The task: Write out again, word for word, the lines below from the line that holds "Hands of graduates" through the line that holds "Movie still from", omitting pictures.
-------- Records for the task --------
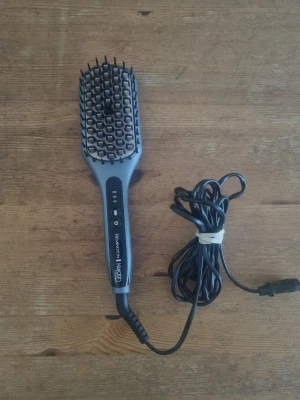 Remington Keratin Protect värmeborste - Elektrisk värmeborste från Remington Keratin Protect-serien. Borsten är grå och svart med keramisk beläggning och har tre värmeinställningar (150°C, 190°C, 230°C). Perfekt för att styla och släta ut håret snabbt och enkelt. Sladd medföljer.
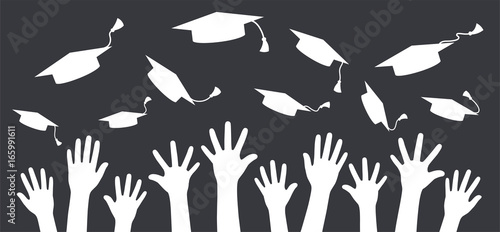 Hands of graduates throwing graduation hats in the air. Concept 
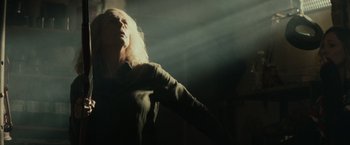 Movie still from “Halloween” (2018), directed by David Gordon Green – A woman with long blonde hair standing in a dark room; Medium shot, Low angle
--------
-------- Records for the task --------
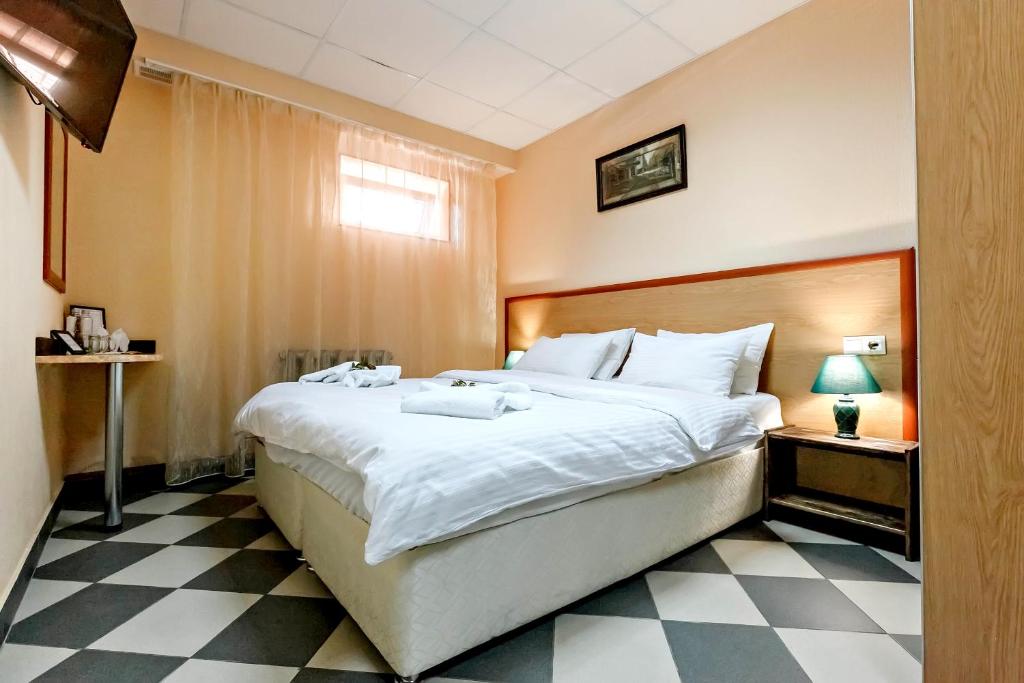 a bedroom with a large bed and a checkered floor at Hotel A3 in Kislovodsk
--------
Solution for this task:
 Hands of graduates throwing graduation hats in the air. Concept 
 Movie still from “Halloween” (2018), directed by David Gordon Green – A woman with long blonde hair standing in a dark room; Medium shot, Low angle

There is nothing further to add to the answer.